Here is the performance data we are building this calendar from:

Campaign PeriodROASRevenueAd SpendPurchases
Father’s Day (September)10.68x$4,777$44789
General E-commerce10.94xN/AN/A+376% conversions
Black Friday/Cyber Monday5.12x$8,356$1,633121
Always-On Acquisition4.69x$34,668$7,392604
Christmas3.79x$10,551$2,784156

Two patterns are clear:

Seasonal campaigns outperform on ROAS because buyer intent is already elevated. You are capturing demand, not creating it.

Always-on campaigns outperform on total revenue because they run continuously. $34,668 in revenue from always-on acquisition dwarfs the seasonal spikes in absolute terms.

The best e-commerce strategy runs both: always-on for consistent revenue, with seasonal spikes that capture heightened buying intent.

Month-by-Month Calendar

January: Recovery and Planning

What is happening: Post-Christmas slowdown. Consumers have spent up. Returns and exchanges are high. New Year resolutions drive certain product categories (fitness, organisation, health).

What to run:

  • Always-on acquisition at normal budget. Do not scale in January. Maintain your baseline campaigns.
  • Clearance campaigns. Move remaining Christmas/summer stock at discount. Lower ROAS expectations (2–3x is acceptable for clearance).
  • Email focus. Re-engage Christmas buyers with loyalty offers and new product teasers.

Budget: 70% of your normal monthly spend. January is a recovery month, not a growth month.

February: Valentine’s Day

What is happening: First major gifting occasion of the year. Relevant for jewellery, fashion, food, experiences, flowers, and personalised gifts.

What to run:

  • Gift-focused campaigns starting February 1. Target people buying for partners. Use gift-giving creative angles (“The perfect gift for…”).
  • Express shipping messaging in final 5 days. Urgency messaging around delivery deadlines.
  • Retargeting extension February 15–17. Target people who browsed Valentine’s products but did not buy. “Missed Valentine’s? It is never too late.”

Budget: 120% of normal for the first two weeks. Return to normal after February 14.

Expected ROAS: 5–8x based on seasonal gift-buying patterns.

March: Autumn Transition

What is happening: End of summer, back to school, Easter (sometimes — check calendar). Seasonal product transitions.

What to run:

  • New season product launches. Autumn/winter collections for fashion and homewares.
  • Easter campaigns (if Easter falls in March). Gift baskets, chocolate, family dining.
  • Always-on at normal budget.

Budget: 100% of normal. Standard trading month.

April: Easter and Anzac Weekend

What is happening: Easter long weekend, Anzac Day. School holidays. Families spending time together.

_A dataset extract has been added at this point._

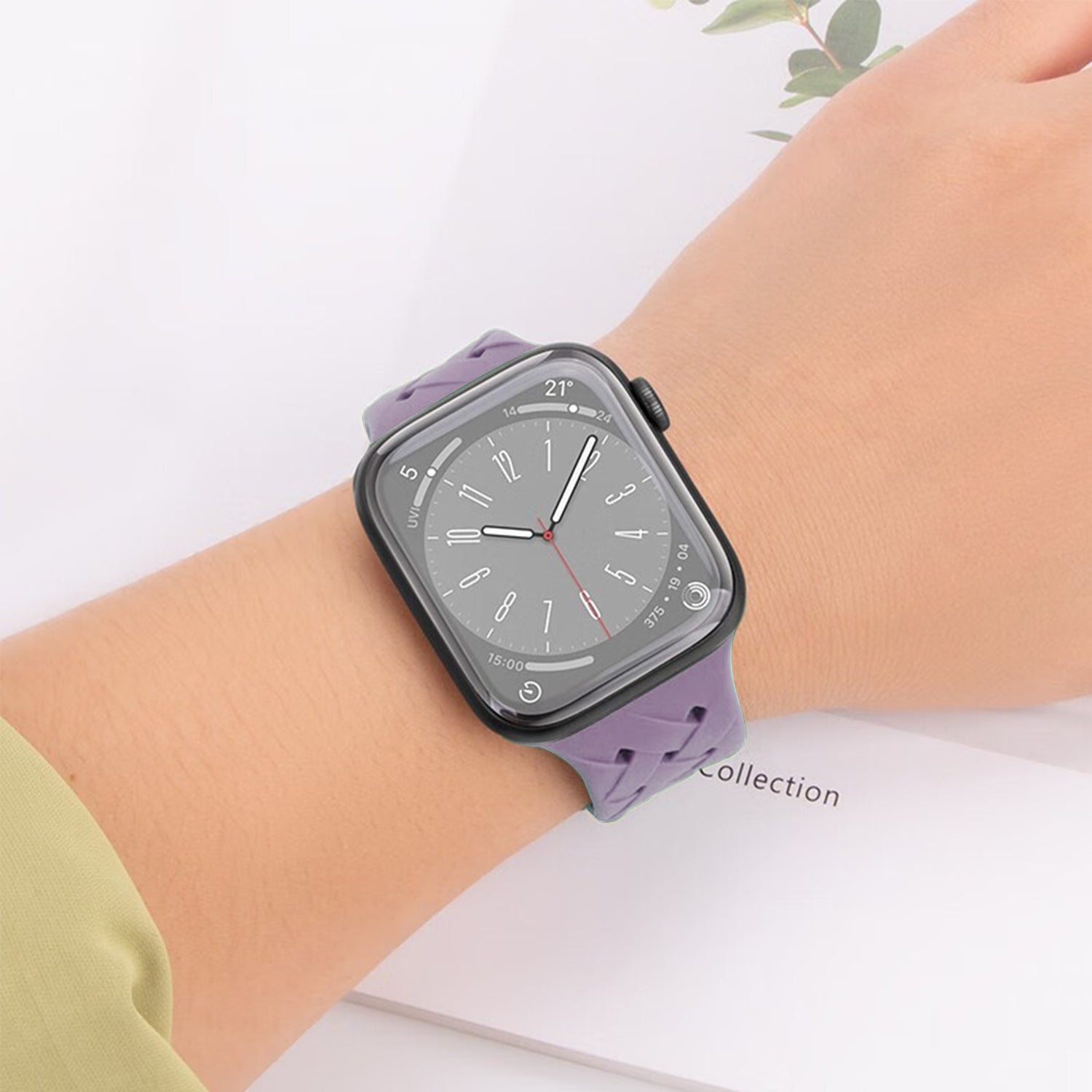38/40/41mm Apple Watch Monochrome Bamboo Woven Series SE/7/6/5/4/3/2/1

Gift-giving for Easter.

What to run:

  • Easter gifting campaigns starting 2 weeks before. Chocolate, homewares, hampers, children’s gifts.
  • Long weekend promotions. Anzac Weekend is a shopping opportunity for online retailers.
  • Free shipping promotions. Long weekends drive online shopping from people at home.

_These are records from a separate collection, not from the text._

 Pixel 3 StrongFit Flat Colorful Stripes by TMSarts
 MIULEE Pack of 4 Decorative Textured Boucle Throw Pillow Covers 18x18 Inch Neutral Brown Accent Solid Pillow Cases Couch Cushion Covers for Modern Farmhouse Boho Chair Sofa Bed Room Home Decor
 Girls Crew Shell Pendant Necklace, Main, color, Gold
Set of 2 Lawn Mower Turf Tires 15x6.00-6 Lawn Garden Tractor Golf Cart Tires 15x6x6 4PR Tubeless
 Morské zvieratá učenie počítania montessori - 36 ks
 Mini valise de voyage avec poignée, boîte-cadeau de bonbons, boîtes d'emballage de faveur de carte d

Budget: 110% of normal for the 2 weeks surrounding Easter.

Expected ROAS: 4–6x depending on product relevance to Easter.

May: Mother’s Day

What is happening: Mother’s Day (second Sunday of May in NZ). One of the biggest gifting events of the year.

What to run:

  • Gift-focused campaigns starting May 1. “Make her day” creative angles. Product bundles and gift sets.
  • Segment your audience. Target adult children (18–45) buying for mothers. Also target partners buying for the mother of their children.
  • Express shipping push in final week. “Order by [date] for guaranteed Mother’s Day delivery.”
  • Extension campaign May 12–15. Target warm audiences with “belated” messaging.

Budget: 150% of normal. Mother’s Day is a major revenue opportunity.

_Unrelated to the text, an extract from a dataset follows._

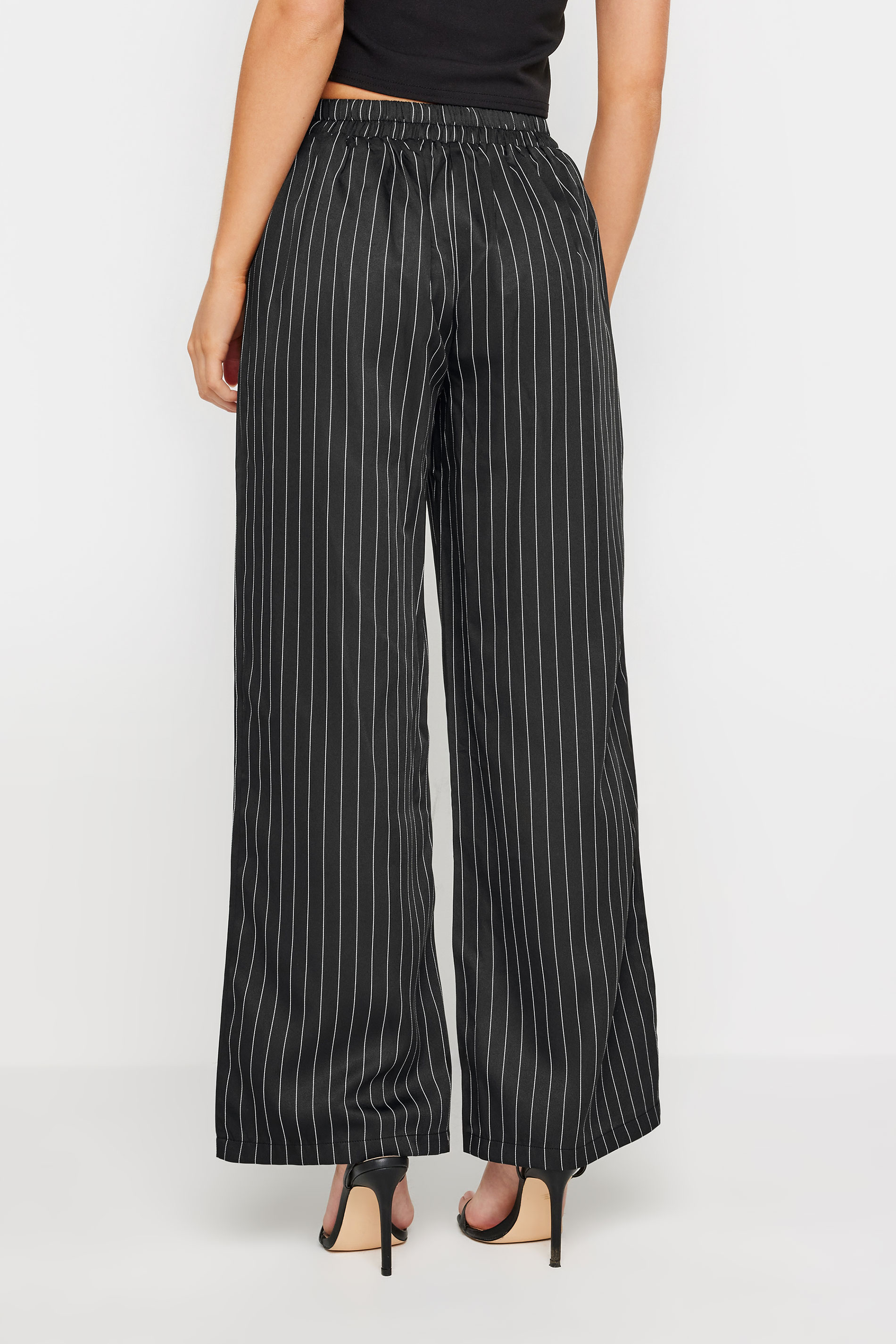 PixieGirl Petite Womens Black Pinstripe Print Wide Leg Trousers | PixieGirl 3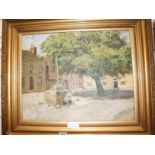 The Market Cross, Alfriston, oil on canvas, c.1900, unsigned, 39 x 50cm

Expected ROAS: 6–10x based on our gift-campaign data. Father’s Day hit 10.68x, and Mother’s Day typically outperforms Father’s Day in total revenue.

June: Mid-Year Sale

What is happening: End of financial year for many businesses. Winter settling in. Mid-year sales across retail.

What to run:

  • Mid-year sale campaign. Position as EOFY clearance or mid-year sale. 5–7 day window.
  • Winter product push. Seasonal products relevant to winter (heating, warm clothing, indoor activities).
  • Always-on at normal budget.

Budget: 110% of normal during sale week, 90% otherwise. June is typically a slower month.

July: Matariki and Winter

What is happening: Matariki public holiday (late June/early July). Deep winter. Lower consumer spending generally, but opportunity for comfort-focused products.

What to run:

  • Matariki promotions. Increasingly relevant as the holiday gains cultural significance. Gift-giving, food, and celebration-themed products.
  • Winter comfort campaigns. Homewares, blankets, candles, warm clothing.
  • Build your email list. Slower months are ideal for growing your subscriber base with lead magnets and sign-up offers ahead of the busy Q4.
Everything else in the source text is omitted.